The main objective of the NPS is to provide high-quality household-level data to the Tanzanian government and other stakeholders for monitoring poverty dynamics, tracking the progress of the Five Year Development Plan (FYDP) II poverty reduction strategy and its predecessor plans, and evaluating the impact of other major, national-level government policy initiatives. As an integrated survey covering a number of different socioeconomic factors, it compliments other more narrowly focused survey efforts, such as the Demographic and Health Survey (DHS) on health, the Integrated Labour Force Survey (ILFS) on labour markets, the Household Budget Survey (HBS) on expenditure, and the National Sample Census of Agriculture (NSCA). Secondly, as a panel household survey in which the same households are revisited over time, the NPS allows for the study of poverty and welfare transitions and the determinants of living standard changes.
Kind of data
Sample survey data [ssd]
v02: additional information in datasets com_sec_a1a2; com_sec_cb; com_sec_cc; com_sec_cd; com_sec_ce; com_sec_cf; com_sec_cf_id and com_sec_cg
Designed for analysis of key indicators at four primary domains of inference, namely:
Dar es Salaam,
Unit of analysis
The universe includes all households and individuals in Tanzania with the exception of those residing in military barracks or other institutions.
Producers and sponsors
National Bureau of Statistics
Ministry of Finance and Planning
World Bank Living Standard Measurement Study Team
Bill and Melinda Gates Foundation
NPS Technical Committee
The NPS sample was refreshed for NPS 2014/2015. Longitudinal surveys tend to suffer from bias introduced by households leaving the survey over time (i.e. attrition). Although the NPS maintains a highly successful recapture rate (roughly 96% retention at the household level), minimizing the escalation of this selection bias, a refresh of longitudinal cohorts is typically done to ensure proper representativeness of estimates while maintaining a sufficient primary sample to maintain cohesion within panel analysis. Additionally, the refreshing of a longitudinal sample realigns the sample with any changes in administrative boundaries, demographic shifts, or updated population information. In the case of Tanzania, a newly completed Population and Housing Census (PHC) in 2012 providing updated population figures, along with changed in administrative boundaries, emboldened an opportunity to realign the NPS sample.

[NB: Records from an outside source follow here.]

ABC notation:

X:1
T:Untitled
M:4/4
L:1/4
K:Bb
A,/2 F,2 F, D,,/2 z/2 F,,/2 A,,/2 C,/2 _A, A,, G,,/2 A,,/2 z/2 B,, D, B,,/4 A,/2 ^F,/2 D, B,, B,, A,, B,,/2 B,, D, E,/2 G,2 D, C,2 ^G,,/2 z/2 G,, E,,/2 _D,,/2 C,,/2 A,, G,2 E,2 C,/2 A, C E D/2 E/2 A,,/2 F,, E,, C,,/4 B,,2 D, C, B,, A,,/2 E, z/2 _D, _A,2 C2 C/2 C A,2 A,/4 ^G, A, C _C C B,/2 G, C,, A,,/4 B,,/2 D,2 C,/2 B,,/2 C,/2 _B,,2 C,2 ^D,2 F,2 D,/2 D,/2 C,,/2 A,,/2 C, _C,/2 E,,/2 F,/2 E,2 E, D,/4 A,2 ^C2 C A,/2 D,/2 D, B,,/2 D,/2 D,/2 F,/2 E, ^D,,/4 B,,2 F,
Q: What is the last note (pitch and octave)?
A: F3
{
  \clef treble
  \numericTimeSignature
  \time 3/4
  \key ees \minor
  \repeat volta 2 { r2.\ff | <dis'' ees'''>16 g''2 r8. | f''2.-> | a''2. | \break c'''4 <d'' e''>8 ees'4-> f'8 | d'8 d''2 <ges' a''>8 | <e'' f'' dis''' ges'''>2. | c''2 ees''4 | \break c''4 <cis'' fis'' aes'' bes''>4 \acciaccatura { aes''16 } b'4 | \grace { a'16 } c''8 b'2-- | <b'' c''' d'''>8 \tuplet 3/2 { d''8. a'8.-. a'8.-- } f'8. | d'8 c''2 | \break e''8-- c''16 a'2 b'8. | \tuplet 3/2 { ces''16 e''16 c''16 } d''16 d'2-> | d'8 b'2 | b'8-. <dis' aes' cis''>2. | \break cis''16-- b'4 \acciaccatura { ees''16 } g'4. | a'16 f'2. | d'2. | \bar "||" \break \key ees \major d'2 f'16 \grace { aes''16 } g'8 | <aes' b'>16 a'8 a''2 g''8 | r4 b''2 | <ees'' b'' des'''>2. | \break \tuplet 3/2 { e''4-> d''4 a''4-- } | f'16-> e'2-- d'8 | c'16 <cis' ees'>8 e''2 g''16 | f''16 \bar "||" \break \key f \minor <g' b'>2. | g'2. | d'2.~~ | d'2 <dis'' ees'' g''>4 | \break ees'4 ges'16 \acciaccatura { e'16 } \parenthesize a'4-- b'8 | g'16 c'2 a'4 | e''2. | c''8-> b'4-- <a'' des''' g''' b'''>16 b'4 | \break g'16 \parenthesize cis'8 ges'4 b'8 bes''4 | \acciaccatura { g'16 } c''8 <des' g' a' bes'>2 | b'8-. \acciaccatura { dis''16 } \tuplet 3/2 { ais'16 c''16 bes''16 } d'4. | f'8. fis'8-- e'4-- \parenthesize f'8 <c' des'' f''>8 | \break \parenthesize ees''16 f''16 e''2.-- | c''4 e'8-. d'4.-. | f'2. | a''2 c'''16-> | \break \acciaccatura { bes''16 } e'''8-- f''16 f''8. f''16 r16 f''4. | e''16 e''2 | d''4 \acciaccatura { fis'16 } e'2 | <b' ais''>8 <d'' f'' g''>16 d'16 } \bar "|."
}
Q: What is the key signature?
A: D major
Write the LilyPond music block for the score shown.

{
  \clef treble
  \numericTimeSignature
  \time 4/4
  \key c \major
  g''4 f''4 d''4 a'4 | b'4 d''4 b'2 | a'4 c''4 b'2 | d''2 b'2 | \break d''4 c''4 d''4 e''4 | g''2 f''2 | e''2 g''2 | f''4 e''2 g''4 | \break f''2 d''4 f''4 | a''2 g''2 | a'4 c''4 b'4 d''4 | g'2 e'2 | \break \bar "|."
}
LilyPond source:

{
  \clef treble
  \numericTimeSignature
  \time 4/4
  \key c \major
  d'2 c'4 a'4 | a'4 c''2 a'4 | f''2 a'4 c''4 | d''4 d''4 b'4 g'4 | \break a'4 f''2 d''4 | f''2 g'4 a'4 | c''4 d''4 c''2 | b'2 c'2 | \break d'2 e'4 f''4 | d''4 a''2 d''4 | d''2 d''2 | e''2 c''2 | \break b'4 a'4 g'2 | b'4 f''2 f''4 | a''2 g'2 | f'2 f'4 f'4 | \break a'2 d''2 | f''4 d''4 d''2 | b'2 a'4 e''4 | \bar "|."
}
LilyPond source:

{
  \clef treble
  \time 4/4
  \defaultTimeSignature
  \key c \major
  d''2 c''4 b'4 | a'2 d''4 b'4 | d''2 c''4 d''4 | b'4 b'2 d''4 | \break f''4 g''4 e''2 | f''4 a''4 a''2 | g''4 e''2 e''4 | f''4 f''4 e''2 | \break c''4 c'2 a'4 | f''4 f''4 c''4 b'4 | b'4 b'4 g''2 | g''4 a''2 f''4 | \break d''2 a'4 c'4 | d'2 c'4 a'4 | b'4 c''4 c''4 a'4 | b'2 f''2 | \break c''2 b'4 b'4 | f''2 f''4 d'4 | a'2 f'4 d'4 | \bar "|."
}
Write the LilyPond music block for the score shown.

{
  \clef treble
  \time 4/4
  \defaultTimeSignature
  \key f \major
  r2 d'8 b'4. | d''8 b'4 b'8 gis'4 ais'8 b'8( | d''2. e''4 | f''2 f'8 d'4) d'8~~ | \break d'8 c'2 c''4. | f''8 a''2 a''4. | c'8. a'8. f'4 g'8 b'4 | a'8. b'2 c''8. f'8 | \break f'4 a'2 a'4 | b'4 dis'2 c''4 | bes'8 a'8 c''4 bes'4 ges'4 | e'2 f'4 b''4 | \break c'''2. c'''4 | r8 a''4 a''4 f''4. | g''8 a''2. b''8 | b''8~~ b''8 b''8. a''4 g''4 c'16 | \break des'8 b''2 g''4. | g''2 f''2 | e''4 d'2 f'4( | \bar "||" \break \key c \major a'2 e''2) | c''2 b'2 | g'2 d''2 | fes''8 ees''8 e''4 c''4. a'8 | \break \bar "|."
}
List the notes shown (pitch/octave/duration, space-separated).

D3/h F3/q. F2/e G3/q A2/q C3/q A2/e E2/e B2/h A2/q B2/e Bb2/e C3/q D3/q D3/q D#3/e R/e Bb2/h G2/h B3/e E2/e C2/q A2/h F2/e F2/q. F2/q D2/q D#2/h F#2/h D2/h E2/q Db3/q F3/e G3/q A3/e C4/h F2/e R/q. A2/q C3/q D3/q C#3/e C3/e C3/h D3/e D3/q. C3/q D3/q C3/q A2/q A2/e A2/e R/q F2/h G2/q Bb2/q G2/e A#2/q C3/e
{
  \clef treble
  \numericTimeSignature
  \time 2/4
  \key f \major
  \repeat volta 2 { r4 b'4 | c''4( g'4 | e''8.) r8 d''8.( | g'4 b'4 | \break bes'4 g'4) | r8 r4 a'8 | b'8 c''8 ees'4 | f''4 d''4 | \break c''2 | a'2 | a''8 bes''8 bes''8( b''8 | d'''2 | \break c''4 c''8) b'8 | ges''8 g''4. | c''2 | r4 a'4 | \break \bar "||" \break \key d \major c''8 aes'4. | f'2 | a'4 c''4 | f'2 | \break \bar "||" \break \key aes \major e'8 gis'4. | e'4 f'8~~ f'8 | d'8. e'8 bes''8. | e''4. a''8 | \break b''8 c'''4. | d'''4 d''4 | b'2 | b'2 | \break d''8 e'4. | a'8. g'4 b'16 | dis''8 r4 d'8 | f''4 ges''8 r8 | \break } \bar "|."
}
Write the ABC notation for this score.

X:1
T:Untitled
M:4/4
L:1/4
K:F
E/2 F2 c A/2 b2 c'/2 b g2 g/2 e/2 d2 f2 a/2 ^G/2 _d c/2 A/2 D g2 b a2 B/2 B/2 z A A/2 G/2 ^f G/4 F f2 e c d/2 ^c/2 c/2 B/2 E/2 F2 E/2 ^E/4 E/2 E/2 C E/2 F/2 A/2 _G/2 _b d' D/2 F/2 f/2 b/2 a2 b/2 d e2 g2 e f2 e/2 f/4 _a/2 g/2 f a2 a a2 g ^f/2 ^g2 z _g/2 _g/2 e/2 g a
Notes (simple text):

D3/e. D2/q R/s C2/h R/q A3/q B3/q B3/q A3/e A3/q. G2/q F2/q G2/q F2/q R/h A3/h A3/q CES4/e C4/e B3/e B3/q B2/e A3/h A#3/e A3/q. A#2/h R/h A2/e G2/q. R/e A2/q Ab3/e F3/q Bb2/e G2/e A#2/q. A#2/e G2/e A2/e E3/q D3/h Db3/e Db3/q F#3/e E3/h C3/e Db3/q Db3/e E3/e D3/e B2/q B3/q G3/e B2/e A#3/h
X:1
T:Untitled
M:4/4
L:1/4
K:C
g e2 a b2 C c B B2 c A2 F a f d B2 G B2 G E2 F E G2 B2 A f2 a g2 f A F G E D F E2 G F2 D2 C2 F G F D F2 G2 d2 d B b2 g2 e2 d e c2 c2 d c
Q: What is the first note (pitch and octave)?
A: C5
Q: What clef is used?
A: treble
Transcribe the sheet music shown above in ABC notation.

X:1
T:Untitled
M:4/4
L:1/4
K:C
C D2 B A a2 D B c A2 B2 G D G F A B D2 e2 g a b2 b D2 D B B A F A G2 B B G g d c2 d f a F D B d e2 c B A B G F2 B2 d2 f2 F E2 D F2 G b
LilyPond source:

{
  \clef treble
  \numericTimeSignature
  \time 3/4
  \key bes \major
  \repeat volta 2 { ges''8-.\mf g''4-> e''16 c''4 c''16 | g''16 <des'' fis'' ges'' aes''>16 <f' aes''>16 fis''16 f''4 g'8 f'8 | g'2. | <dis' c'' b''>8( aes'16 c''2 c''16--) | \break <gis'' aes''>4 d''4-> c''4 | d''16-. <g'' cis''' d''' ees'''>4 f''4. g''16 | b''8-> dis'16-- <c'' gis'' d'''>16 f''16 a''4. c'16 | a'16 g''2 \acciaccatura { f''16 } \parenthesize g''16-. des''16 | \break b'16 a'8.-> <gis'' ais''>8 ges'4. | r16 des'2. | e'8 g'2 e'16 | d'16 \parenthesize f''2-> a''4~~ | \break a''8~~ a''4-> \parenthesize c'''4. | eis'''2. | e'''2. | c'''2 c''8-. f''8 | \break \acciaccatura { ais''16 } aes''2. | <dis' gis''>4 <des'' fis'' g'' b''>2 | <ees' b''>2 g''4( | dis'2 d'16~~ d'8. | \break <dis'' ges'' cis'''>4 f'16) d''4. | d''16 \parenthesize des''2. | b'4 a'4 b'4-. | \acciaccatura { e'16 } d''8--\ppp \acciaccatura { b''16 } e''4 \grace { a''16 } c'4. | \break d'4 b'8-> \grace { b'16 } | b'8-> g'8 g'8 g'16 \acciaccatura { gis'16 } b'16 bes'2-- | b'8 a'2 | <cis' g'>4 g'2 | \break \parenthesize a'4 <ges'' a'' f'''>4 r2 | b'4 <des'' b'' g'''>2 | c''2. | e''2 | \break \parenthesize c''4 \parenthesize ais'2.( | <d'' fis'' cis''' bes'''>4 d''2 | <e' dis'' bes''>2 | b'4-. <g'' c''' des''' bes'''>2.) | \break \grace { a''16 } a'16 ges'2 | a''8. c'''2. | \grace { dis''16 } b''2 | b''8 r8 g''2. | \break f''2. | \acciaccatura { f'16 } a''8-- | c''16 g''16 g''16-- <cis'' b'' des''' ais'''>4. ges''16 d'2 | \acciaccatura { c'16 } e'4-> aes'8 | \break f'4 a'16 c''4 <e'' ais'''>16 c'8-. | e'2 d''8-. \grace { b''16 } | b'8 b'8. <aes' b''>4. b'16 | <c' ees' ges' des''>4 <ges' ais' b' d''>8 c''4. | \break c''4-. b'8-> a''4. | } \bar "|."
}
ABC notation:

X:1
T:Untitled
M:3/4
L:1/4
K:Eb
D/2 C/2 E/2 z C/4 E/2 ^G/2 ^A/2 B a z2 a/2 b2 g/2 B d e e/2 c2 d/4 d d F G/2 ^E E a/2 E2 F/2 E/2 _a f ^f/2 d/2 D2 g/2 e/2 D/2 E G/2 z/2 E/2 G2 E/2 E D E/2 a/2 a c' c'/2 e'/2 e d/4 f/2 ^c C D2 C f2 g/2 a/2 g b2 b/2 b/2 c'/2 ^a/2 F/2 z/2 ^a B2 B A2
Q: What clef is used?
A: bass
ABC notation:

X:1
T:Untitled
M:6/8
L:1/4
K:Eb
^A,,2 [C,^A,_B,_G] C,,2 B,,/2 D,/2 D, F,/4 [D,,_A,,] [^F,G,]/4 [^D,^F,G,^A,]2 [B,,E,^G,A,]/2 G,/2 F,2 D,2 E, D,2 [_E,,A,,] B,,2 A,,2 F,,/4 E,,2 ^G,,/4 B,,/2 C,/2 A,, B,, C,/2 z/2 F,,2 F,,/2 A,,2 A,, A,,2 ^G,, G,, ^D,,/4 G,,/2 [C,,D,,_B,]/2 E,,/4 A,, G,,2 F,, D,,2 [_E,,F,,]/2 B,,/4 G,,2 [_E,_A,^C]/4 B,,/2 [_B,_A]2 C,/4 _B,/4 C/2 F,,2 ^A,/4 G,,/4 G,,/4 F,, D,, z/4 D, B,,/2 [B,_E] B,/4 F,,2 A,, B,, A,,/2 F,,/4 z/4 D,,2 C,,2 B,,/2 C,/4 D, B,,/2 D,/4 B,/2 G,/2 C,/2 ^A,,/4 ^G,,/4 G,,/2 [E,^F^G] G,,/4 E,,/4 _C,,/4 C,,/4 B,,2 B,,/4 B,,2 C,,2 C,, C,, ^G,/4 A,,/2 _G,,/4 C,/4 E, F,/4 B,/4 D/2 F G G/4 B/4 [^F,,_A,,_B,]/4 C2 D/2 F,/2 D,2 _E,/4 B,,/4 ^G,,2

Similar to the sample in NPS 2008/2009, the sample design for the “Refresh Panel” allows analysis at four primary domains of inference, namely: Dar es Salaam, other urban areas on mainland Tanzania, rural mainland Tanzania, and Zanzibar.
The sample design is a stratified two-stage design. The design consists of 51 design strata (identified in the data as ‘strataid’) corresponding to a rural/urban designation for each of the 26 regions; however, Dar es Salaam is pure urban and therefore constitutes only one stratum. The allocation across the design strata was informed by the last round of the NPS and seeks to balance multiple survey objectives and maximize precision given survey parameters. The intended sample design consisted of a new selection of 3,360 households corresponding to 420 EAs from the latest PHC in 2012. This new cohort in NPS 2014/2015 will be maintained and tracked in all future rounds between national censuses.
A nationally representative sub-sample was selected to continue as part of an “Extended Panel”. This “Extended Panel” allowed general comparison of sample groups and monitoring indicator comparability. The “Extended Panel” is not included in the initial NPS 2014/2015 data release.
Deviations from sample design
During the survey, one selected EA was demolished and subsequently not interviewed. The resulting sample consists of 3,352 households across 419 EAs.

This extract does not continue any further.